Тропик Козерога
Шрифт:
Я вновь на своем ложе. Древнегреческий мир, рассвет полового сношения — и Хайми! Хайми Лобшер всегда на одном и том же уровне, смотрит вниз, на бульвар через реку. В брачном пире наступает передышка, подают оладьи с мидиями. Подвинься чуть-чуть, говорит он. Вот так, хорошо!
Я слушаю, как квакают лягушки на болоте за моим окном. Огромные кладбищенские лягушки, питающиеся мертвечиной. Они сбились в кучу в половом сношении, они квакают от сексуального восторга. Я понял, как был зачат Хайми и как он появился на свет, Хайми-жаба! Его мать оказалась в гуще свалки, а Хайми — тогда эмбрион — был надежно укрыт в ее нутре. Это случилось в первые дни полового сношения, когда еще не существовало сдерживающих правил маркиза Куинсбери. {82} Только брать и отдаваться — и дьявол побери отстающего. Так повелось от греков — слепой блуд в грязи, а потом — приплод, а потом — смерть. Люди блудят по-разному, но всегда на болоте, и потомство ждет та же участь. Когда рушится дом, ложе остается: космосексуальный алтарь.
Я оскверняю свое ложе грезами. Моя душа покидает растянувшееся на железобетоне тело и передвигается с места на место на маленькой тележке, которые обычно употребляют в универмагах для разнообразия. А мое разнообразие —
Наверное, в то время я начал свою разрушительную деятельность, приняв псевдоним Самсон Лакаванна. Преступный инстинкт во мне получил изрядное развитие. Если до того я был только заблудшей душой, будто бы неиудейский Гадибук, {83} то теперь я стал полнотелым духом. Я взял имя, которое мне нравилось. Осталось действовать, повинуясь инстинктам. Например, в Гонконге я представился агентом по продаже книг. Я таскал с собой кожаный кошелек, наполненный мексиканскими долларами, и благочестиво посещал китайцев, нуждавшихся в дальнейшем образовании. В гостинице я заказывал женщин так же, как виски с содовой. По утрам изучал тибетский язык в порядке подготовки к путешествию в Лхасу. Я уже бегло разговаривал на идиш, да и на иврите тоже. У меня все горело в руках. Обмануть китайцев оказалось так просто, что я вернулся в Манилу в полном разочаровании. Там я взял в оборот мистера Рико, обучив его искусству продажи книг. Весь доход от заокеанского фрахта был на счету, но на жизнь в роскоши хватало.

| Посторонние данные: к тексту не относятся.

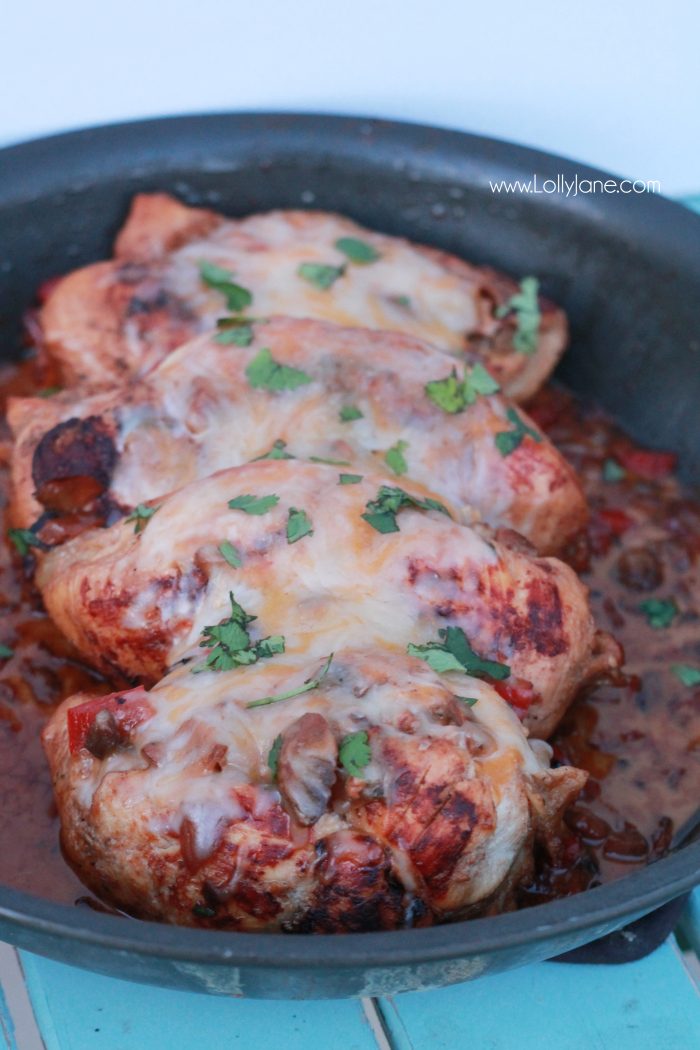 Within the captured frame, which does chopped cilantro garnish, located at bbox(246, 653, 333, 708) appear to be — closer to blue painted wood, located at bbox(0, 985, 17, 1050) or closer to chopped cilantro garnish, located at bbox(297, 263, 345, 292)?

Вздох стал таким же трюком, что и дыхание. Предметы не просто удваивались, но многократно возрастали. Я стал зеркальной клеткой, отражающей пустоту. Пустота однажды твердо дала понять, что я у себя дома, и то, что называется творчеством — на самом деле работа по заполнению пустых мест. Маленькая тележка исправно доставляла меня с места на место, а я опускал во все боковые карманы вакуума тонны стихотворений, чтобы уйти от мысли об уничтожении. Передо мной открылись безграничные перспективы. Я начал жить в перспективе, словно микроскопическое вкрапление в гигантской линзе телескопа. И не было даже ночи, чтобы отдохнуть. Лился устойчивый свет звезд, падающий на иссушенную поверхность мертвых планет. Иногда попадалось озеро, как черный мрамор, и в нем я видел себя плывущим среди бриллиантовых светил. Звезды висели так низко, и так ослепителен был посылаемый ими свет, что казалось, будто вселенная стоит у своего рождения. Впечатление усиливалось оттого, что я был совсем один. Рядом не было не только животных, деревьев, всяких других существ — не было даже малой былинки или сухого корня. Казалось, в этом фиолетовом воспаленном свете без намека на тень отсутствует само движение. Похоже, что пламя чистого самосознания, мысль становится Богом. И Бог, в первый раз в моем представлении, оказался чисто выбритым. Я и сам был чисто выбрит, без сучка без задоринки, страшно аккуратен. Я видел свое отражение в мраморных черных озерах, и оно было украшено звездами. Звезды, звезды… и будто удар промеж глаз, и все воспоминания исчезают. Я был Самсон, и я был Лакаванна, и я умирал, как всякое существо в экстазе полного самосознания.
А вот я плыву вниз по реке в маленьком каноэ. Все, что вы ни попросите, я сделаю — с радостью. Это страна Ебландия, в которой нет ни животных, ни деревьев, ни звезд, ни проблем. Здесь над всем царствует сперматозоид. Ничего не загадывается, будущее совершенно неопределенно, прошлое не существует. На каждый миллион рожденных 999 999 приговорены умереть и никогда не родиться вновь. Но есть один, хозяин в доме, который обретает жизнь вечную. Жизнь втискивается в семя, которое есть душа. Все имеет душу, в том числе минералы, растения, озера, горы, скалы. Все ощущает, хотя бы на самой низкой ступени самосознания.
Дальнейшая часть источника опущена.